Small team, big leverage: how AI changes the right team size
Why a $5M services business with AI might not need to grow to 30 people the way the playbook used to say it should.
The old growth playbook said: $5M revenue means 25–35 staff in a services business. Hire ahead of revenue. Build the org chart you would need at $10M before you get there.
That playbook is breaking. The $5M services businesses we work with now run with 12–18 staff and look profoundly different inside than they did three years ago.
What's changed
Most of the admin layer of a services business — first-touch, scheduling, follow-up, billing chase, basic reporting — is now handled by agents. The staff that is left is more senior, better paid, and doing more interesting work.
The trade-off: smaller team, higher per-head pay, much higher per-head leverage. EBIT margins on a $5M services business have moved from 12–18% (with old playbook) to 22–32% (with the new shape).
What this means for hiring
We tell operators: don't hire the next admin. Hire the next senior. Move the admin onto the systems.
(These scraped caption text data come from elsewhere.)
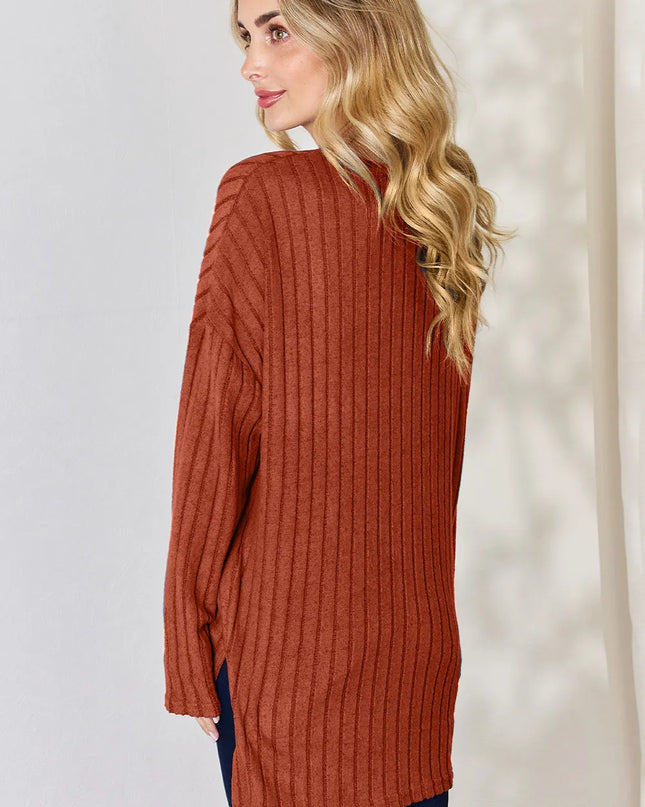 Basic Bae Full Size Ribbed Half Button Long Sleeve High-Low T-Shirt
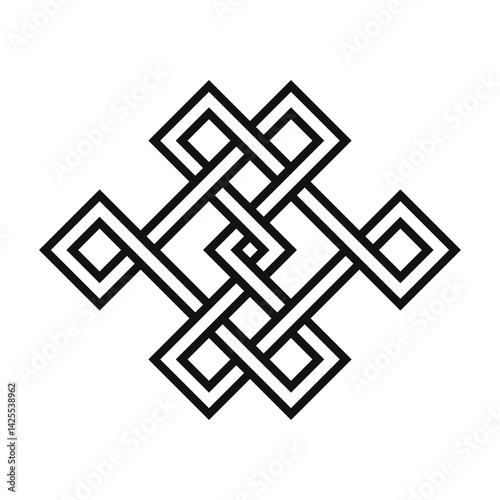Asian knot or eternal knot. Black sign. Tradition Chinese, Tibetian knot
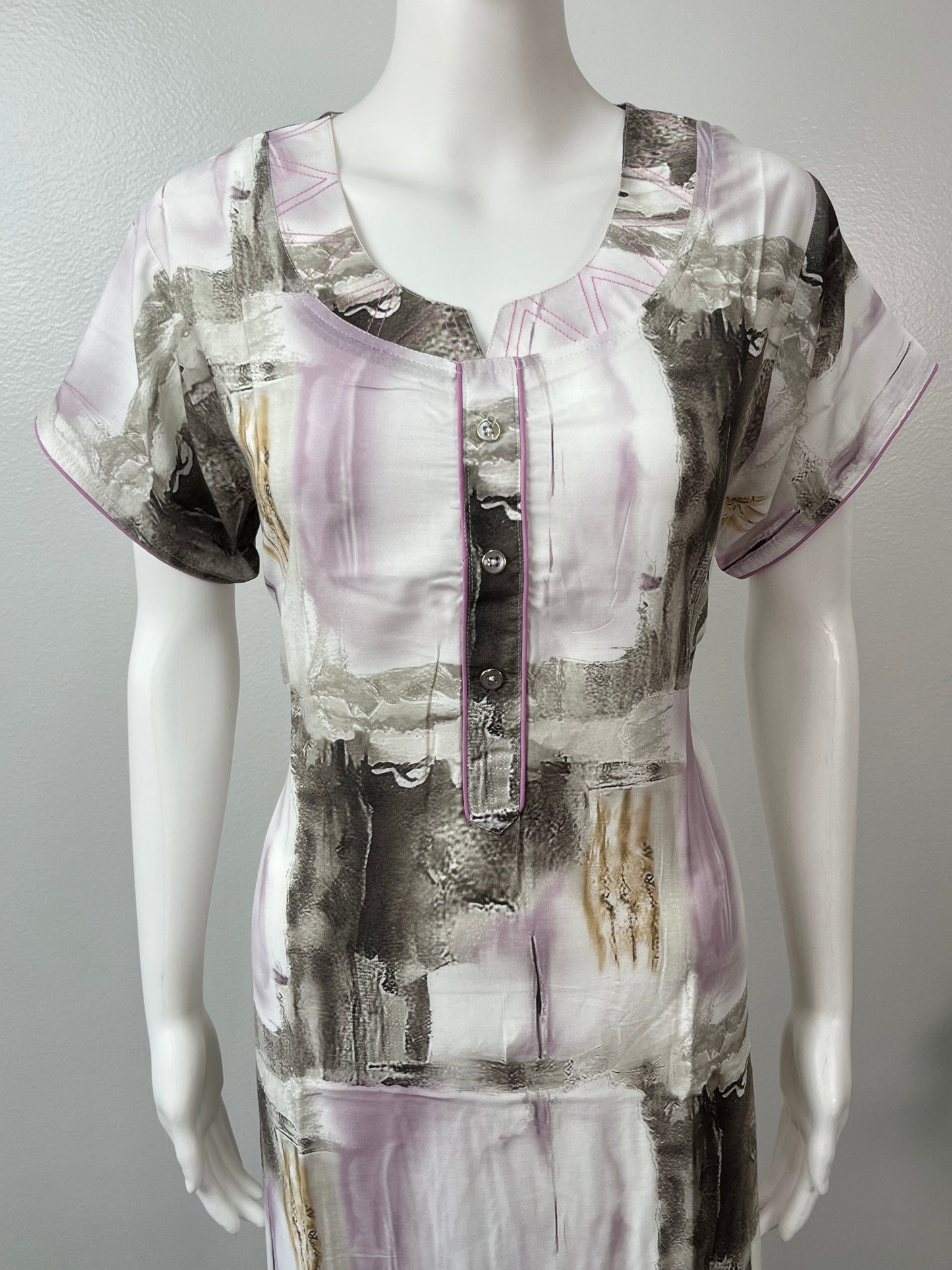 White & Violet Printed Rayon Nightgown for Women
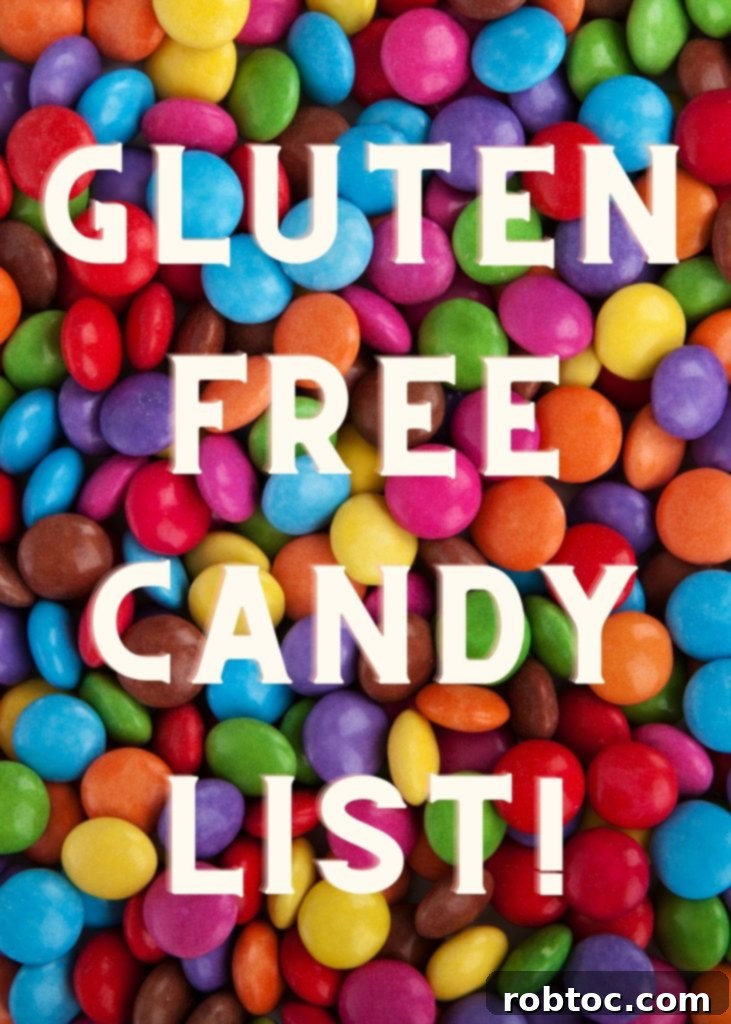 chocolate candies with the text "gluten free candy list" on top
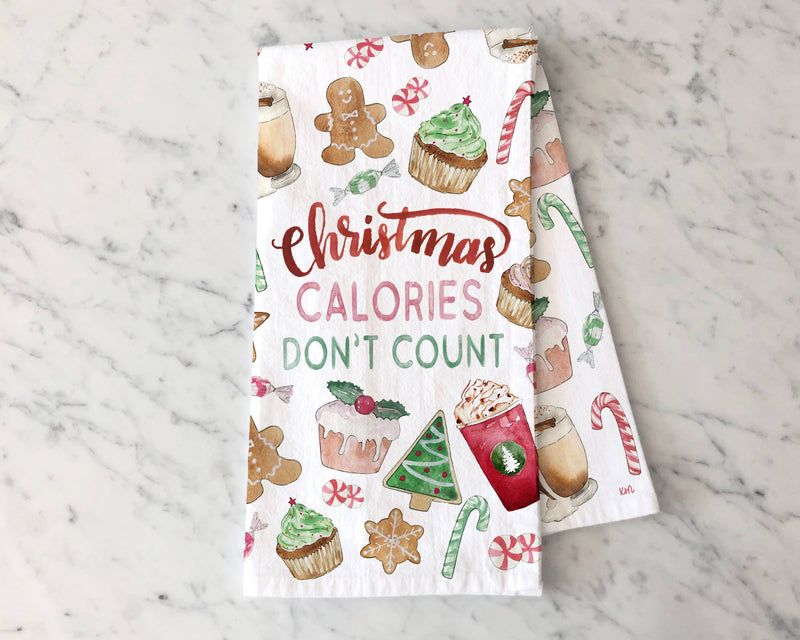 Christmas Calories Don't Count - Holiday Treat Tea Towel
The seniors you bring in expect AI to be everywhere; if your business doesn't have it, the good ones won't take the role.
Small team, high pay, AI underneath. That is the new shape of a profitable services business.
When this doesn't apply
Trades businesses with vans on the road still need the vans and the people in them. The leverage shows up in the office, not on site. A $5M plumbing business will still have 14–18 vans regardless.